=== The data ===

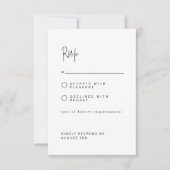 Chic Modern Script Font Wedding RSVP Kaart (Voorkant)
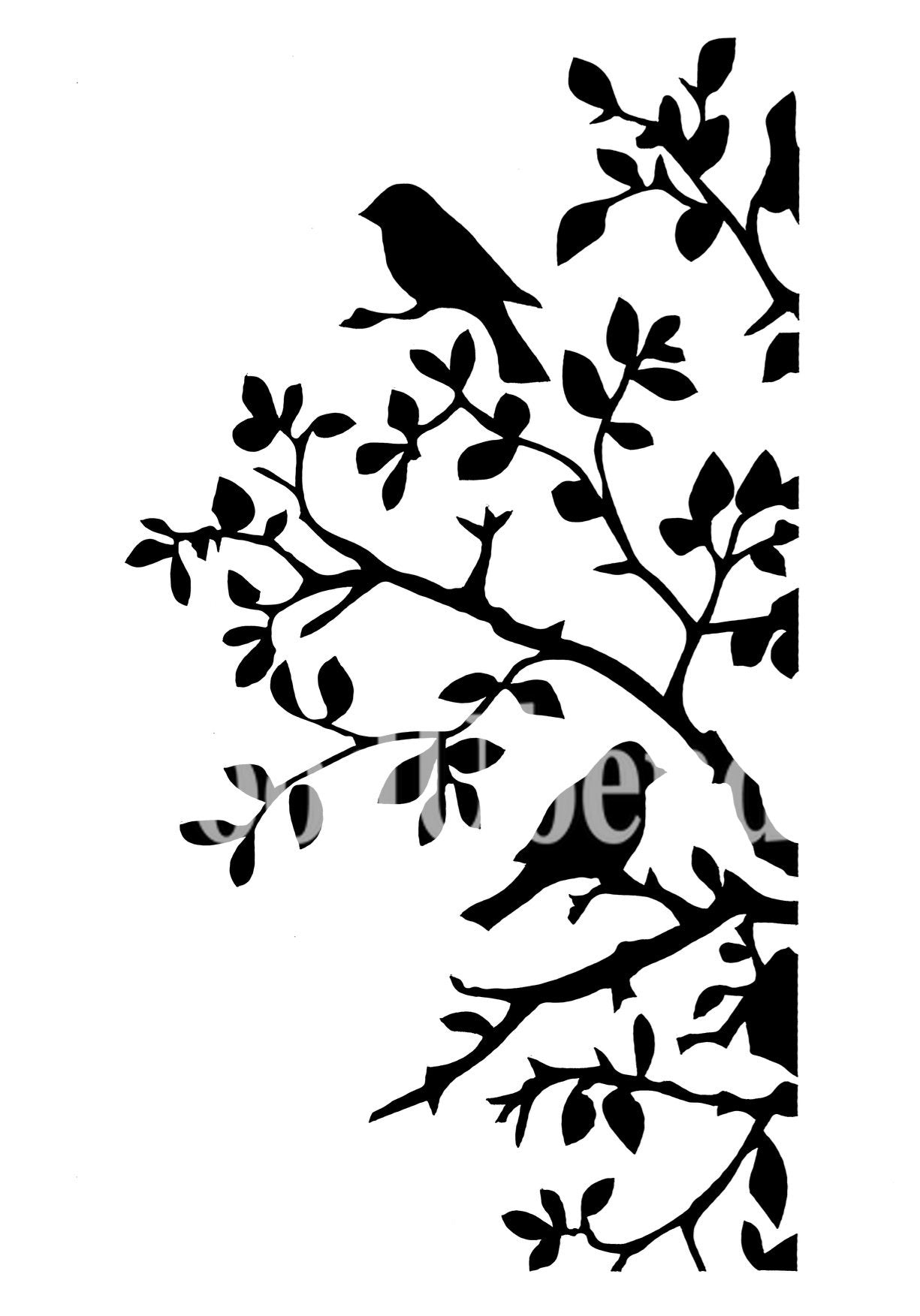 Елегантен шаблон с тебешир - птици и клони на Бенди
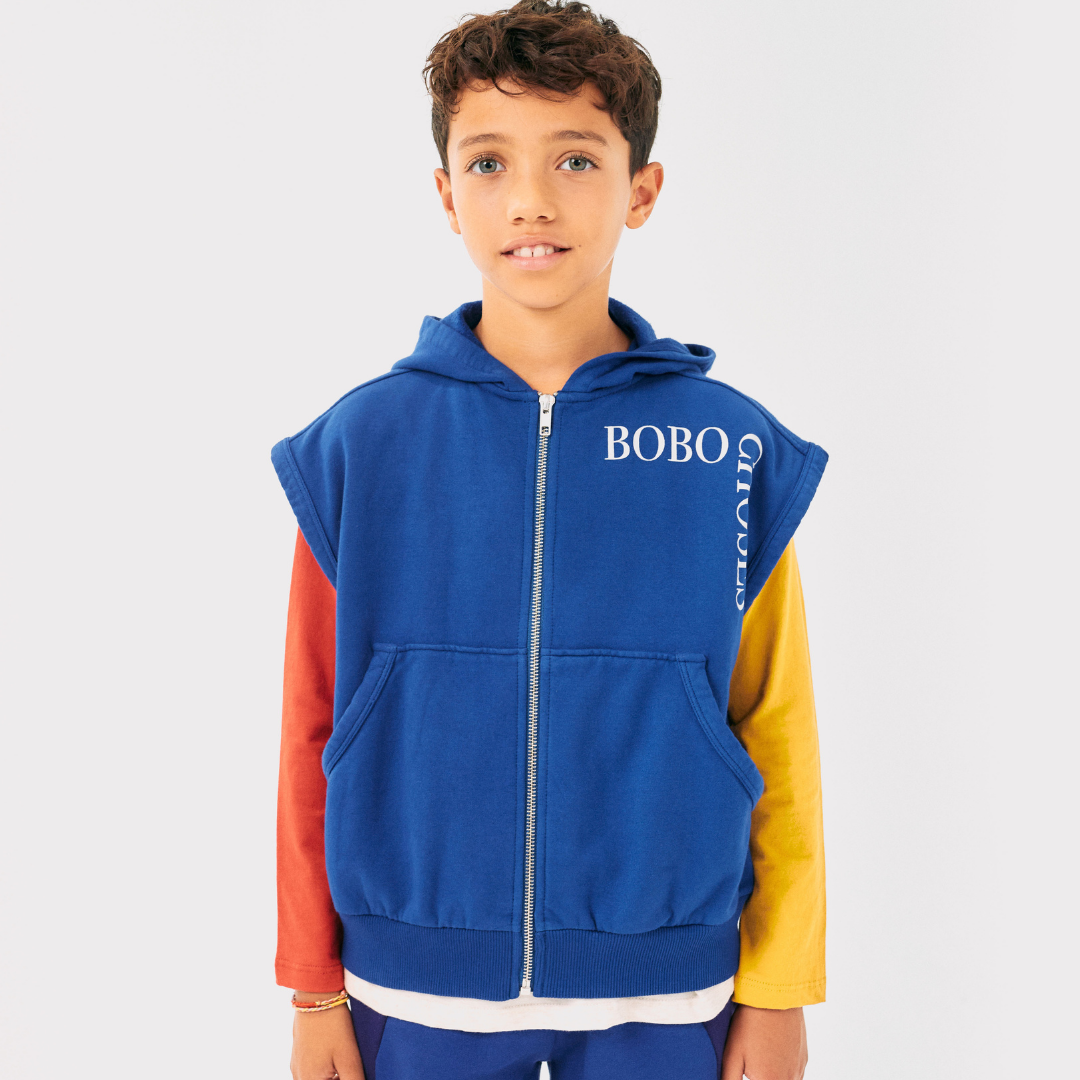 BOBO CHOSES - Bobo Choses sleeveles zipped hoodie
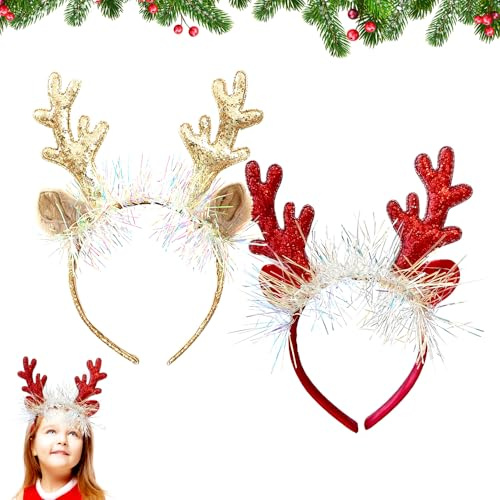 Spiritzohic Bandeaux,Serre-tête de Noël, 2 pièces Bandeau de renne Bandeaux de Décoration de Fête,Accessoires pour Fête Noël de Enfant Adultes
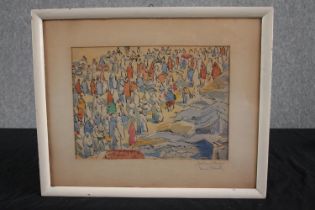 Watercolour. A crowd of people. Signed and dated indistinctly in pencil and again on the mount.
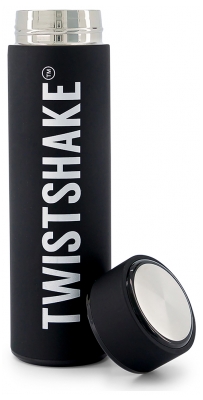 Twistshake Bouteille Isotherme Chaud ou Froid 420 ml - Couleur : Noir
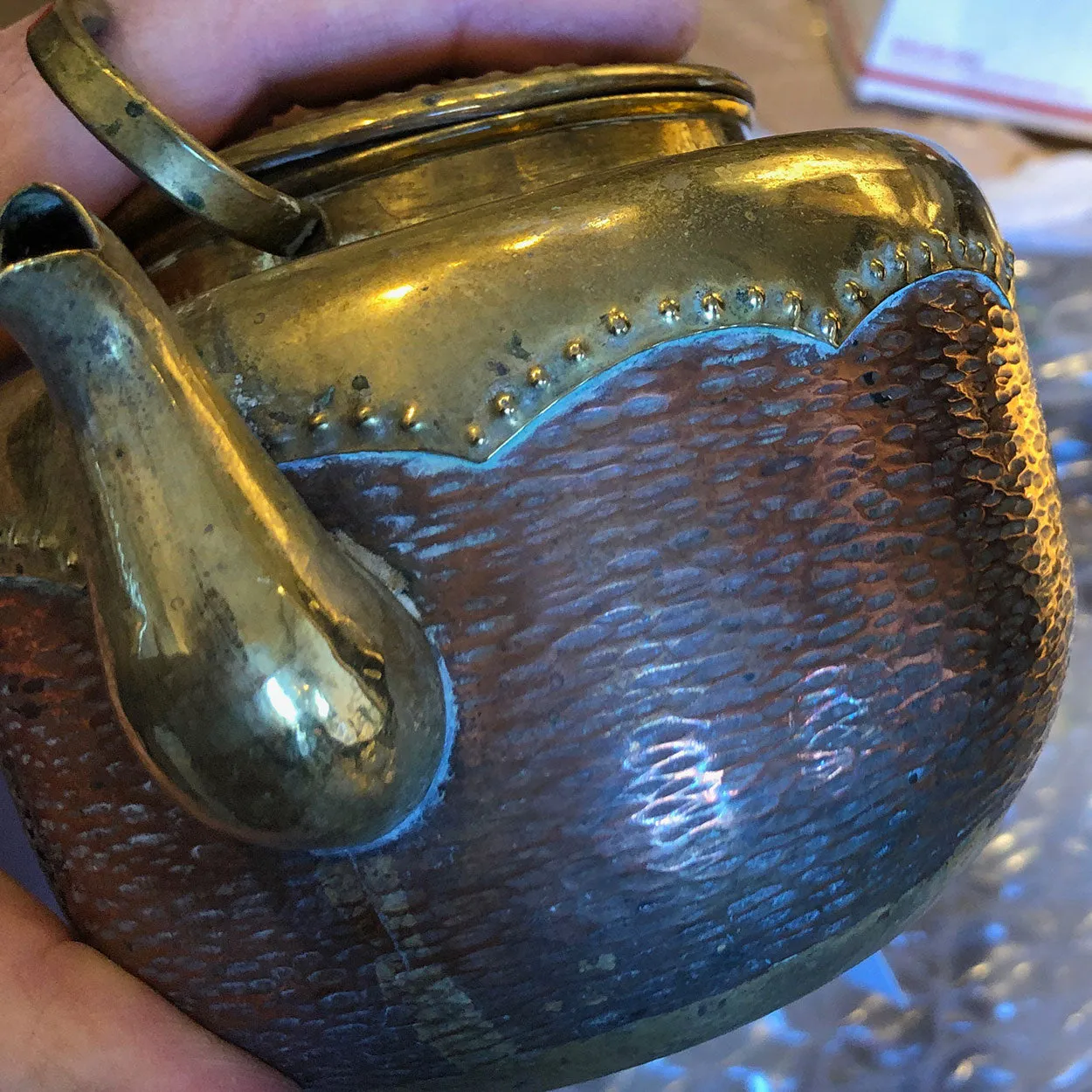 Three English and Chinese Brass and Copper Teapots and Two Strainers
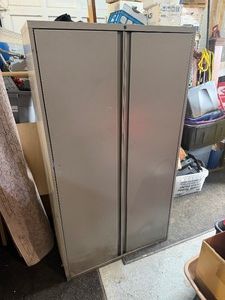 Gray Two Door Cabinet 3 wide x 18 deep x 65 Tall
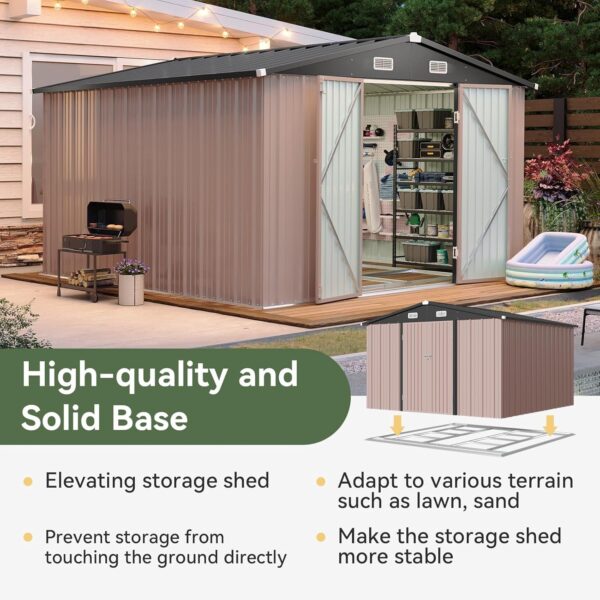4e3066c9e28445efbf5752c3e6abb8d4 Aoxun 6.2×4 FT Shed Outdoor Storage Shed Metal Garden Shed with Lockable Doors & Slooping Roof Tool Shed Bike Shed for Backyard, Patio, Poolside (Brown)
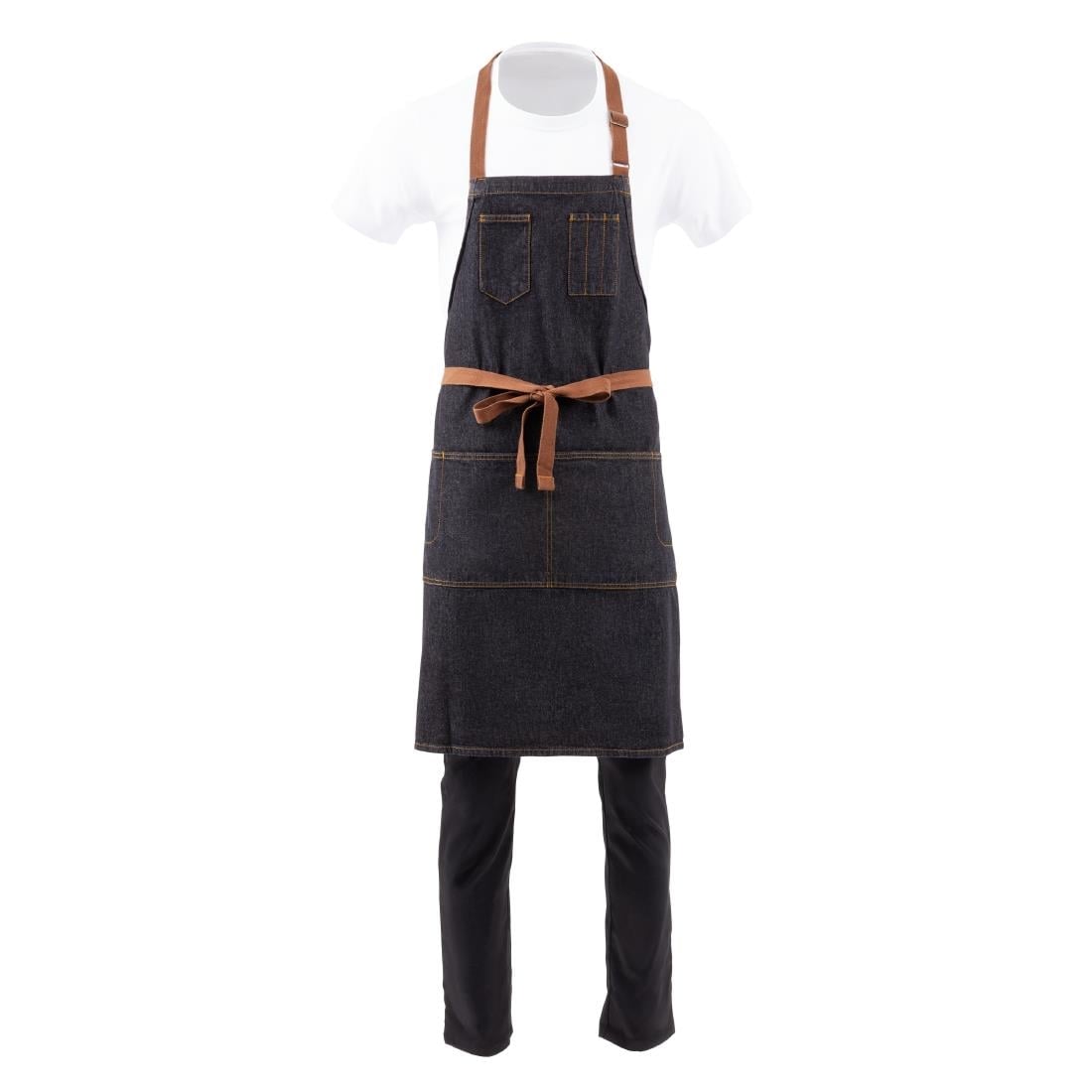 B721 Chef Works Urban Memphis kort schort indigo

===

What you need to do: Transcribe exactly the lines above, running from the one that contains "Twistshake Bouteille Isotherme" through the final line of the listing, and skip every picture.

Answer section:
 Twistshake Bouteille Isotherme Chaud ou Froid 420 ml - Couleur : Noir
 Three English and Chinese Brass and Copper Teapots and Two Strainers
 Gray Two Door Cabinet 3 wide x 18 deep x 65 Tall
4e3066c9e28445efbf5752c3e6abb8d4 Aoxun 6.2×4 FT Shed Outdoor Storage Shed Metal Garden Shed with Lockable Doors & Slooping Roof Tool Shed Bike Shed for Backyard, Patio, Poolside (Brown)
 B721 Chef Works Urban Memphis kort schort indigo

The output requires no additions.